Credit: Cassandra Sim
  • A Day At A Time by Gentle Bones & Clara Benin
  • Lover’s Dream by Saints Among Sinners
  • Dari Sini by Fariz Jabba
  • 0520 by Chloe Ho
  • Kinda Need Your Company by KODELLE, Chelsea Cara
  • Won’t You Come Around by Charlie Lim & Aisyah Aziz
  • love u by Shye
  • Green Light by Absence!
  • Cabin Fever by Subsonic Eye
  • Small Talk by Causeway Youth

…”the artistes and the talent have always been right here – we just need to listen.”

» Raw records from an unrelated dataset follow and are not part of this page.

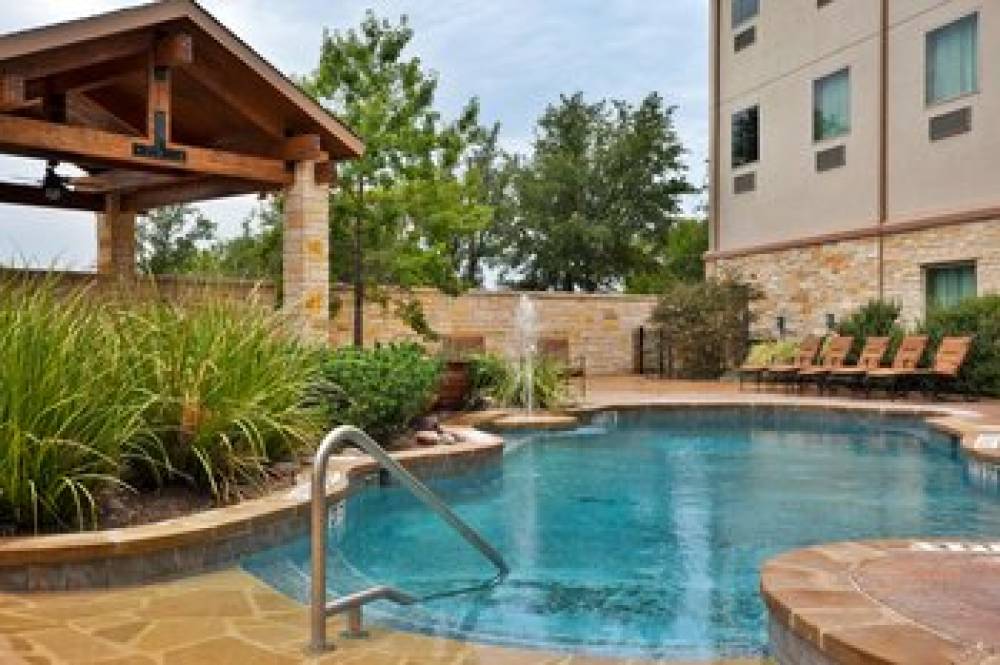 Holiday Inn Express SALADO-BELTON 5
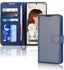 [Wallet Case] Protective Cover with Cash & Card Holder, Stand and Wrist Strap For Google Pixel 8 Pro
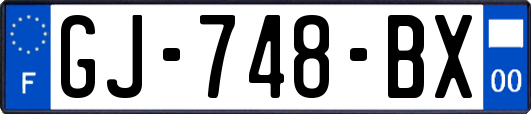 GJ-748-BX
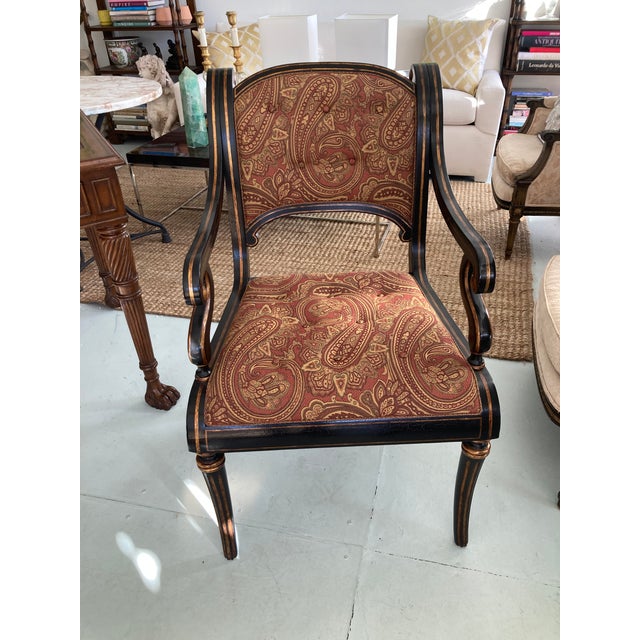 English Regency Armchair For Sale - Image 11 of 11
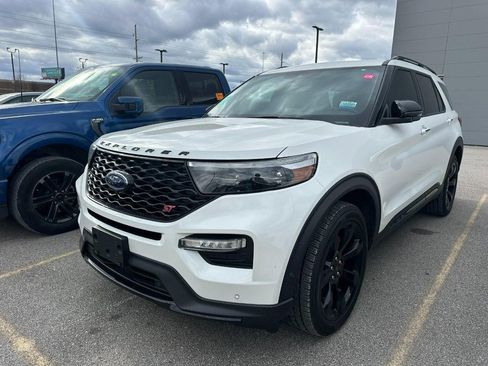 Used 2020 Ford Explorer ST w/ ST Street Pack image 1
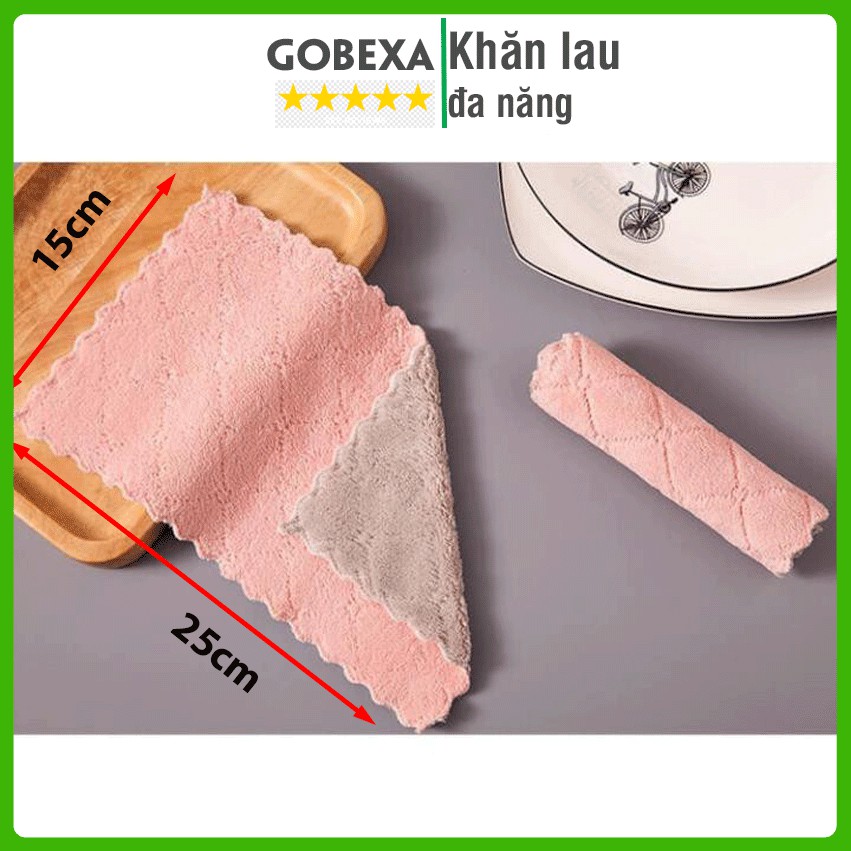 [LOẠI 1]Khăn lau đa năng, siêu thấm nước dễ giặt | WebRaoVat - webraovat.net.vn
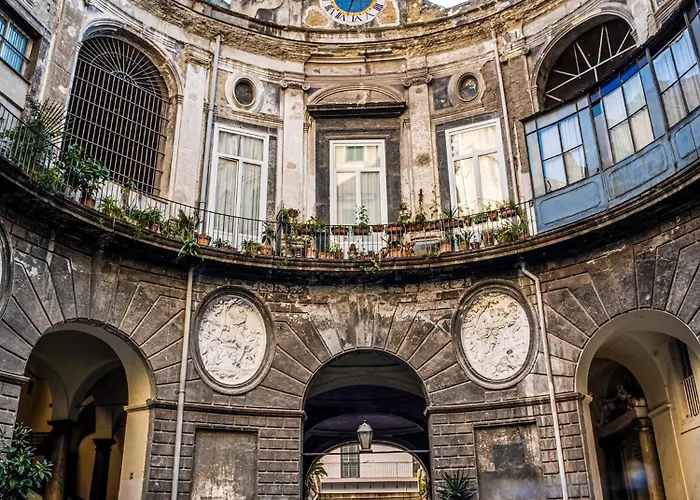 Residenza Spinelli Daire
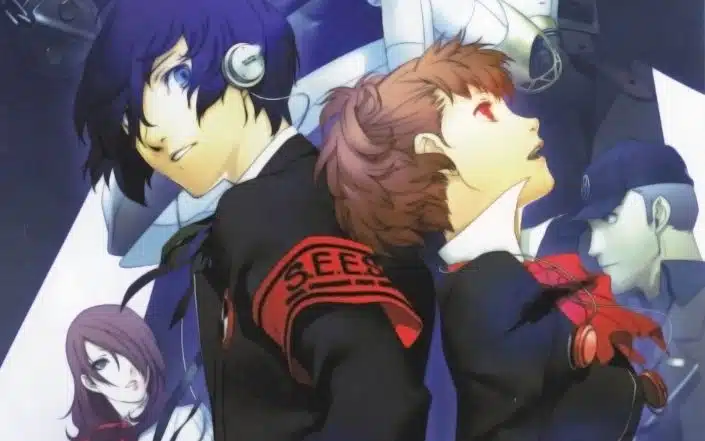 Persona 3 Portable & Persona 4 Golden: Physische Version limitiert erhältlich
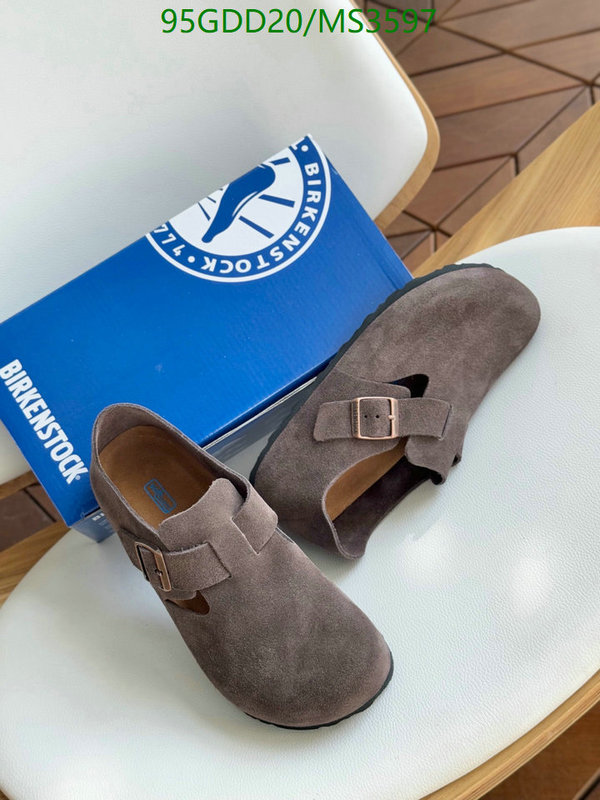 Birkenstock-Men shoes Code: MS3597 $: 95USD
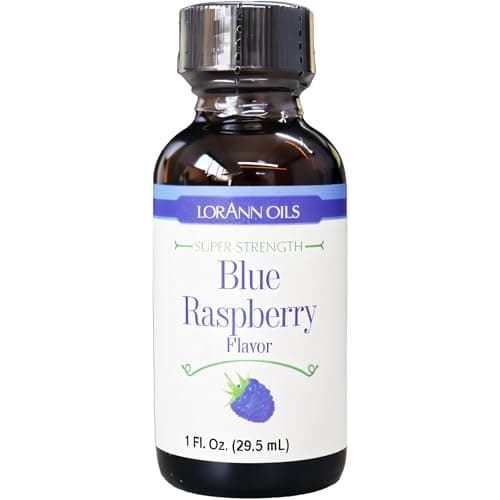 LorAnn Blue Raspberry SS Flavor, 1 ounce bottle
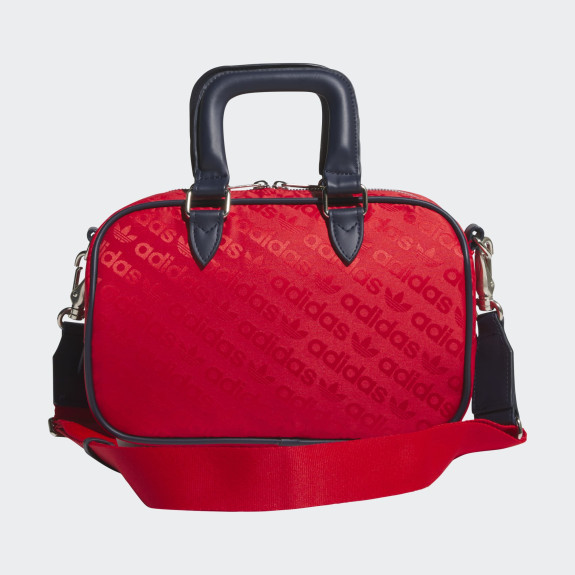 Sac Round Red
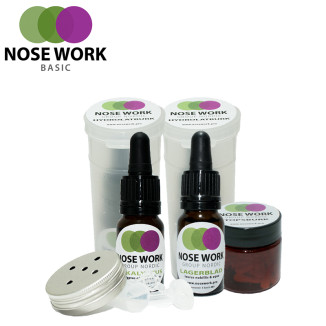 Nose Work Mellankit (Basic)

Personally, I think I’ve proudly gotten to a point where listening to music made here is as natural to me as listening to any other type of music I hear from around the world. It is one of my many hopes for Singapore that such a habit eventually becomes the norm here. We’re living in a time of “new norms” or whatever,  so maybe this can be one of them. I truly believe that there is at least one artists’ music that every Singaporean can fall in love with, and hopefully, this column will grow to a place where you can discover that. Singapore’s a small, but very diverse place (as we’re always told), so perhaps this playlist can give you an idea of the sheer amount of musical creativity our little island harbours.

To quote a beloved band of mine, M1LDL1FE, the artistes and the talent have always been right here – we just need to listen.